▶ _DIRECTIONS_:
Within the records below, reproduce without change the lines from the line that has "Telemecanique CA2KN40 Control" through the line that has "Photo privée de", and only those.

▶ _Web page caption snippets_:
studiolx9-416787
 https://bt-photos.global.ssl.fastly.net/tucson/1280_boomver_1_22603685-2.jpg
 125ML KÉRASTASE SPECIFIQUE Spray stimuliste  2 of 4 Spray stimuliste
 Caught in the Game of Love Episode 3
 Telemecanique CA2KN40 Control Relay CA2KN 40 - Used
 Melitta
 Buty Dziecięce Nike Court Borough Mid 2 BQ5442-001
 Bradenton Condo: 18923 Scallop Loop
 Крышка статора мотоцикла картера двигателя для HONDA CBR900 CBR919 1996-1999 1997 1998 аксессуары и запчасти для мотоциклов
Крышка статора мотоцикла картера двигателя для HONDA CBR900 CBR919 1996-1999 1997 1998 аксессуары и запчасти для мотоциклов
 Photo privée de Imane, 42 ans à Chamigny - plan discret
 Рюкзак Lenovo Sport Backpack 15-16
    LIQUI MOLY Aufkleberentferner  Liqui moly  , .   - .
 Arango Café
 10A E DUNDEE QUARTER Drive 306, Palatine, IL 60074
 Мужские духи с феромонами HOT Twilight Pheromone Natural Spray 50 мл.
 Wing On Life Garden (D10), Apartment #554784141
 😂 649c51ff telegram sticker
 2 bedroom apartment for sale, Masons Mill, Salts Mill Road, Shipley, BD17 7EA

▶ _OUTPUT FOR THIS TASK_:
 Telemecanique CA2KN40 Control Relay CA2KN 40 - Used
 Melitta
 Buty Dziecięce Nike Court Borough Mid 2 BQ5442-001
 Bradenton Condo: 18923 Scallop Loop
 Крышка статора мотоцикла картера двигателя для HONDA CBR900 CBR919 1996-1999 1997 1998 аксессуары и запчасти для мотоциклов
Крышка статора мотоцикла картера двигателя для HONDA CBR900 CBR919 1996-1999 1997 1998 аксессуары и запчасти для мотоциклов
 Photo privée de Imane, 42 ans à Chamigny - plan discret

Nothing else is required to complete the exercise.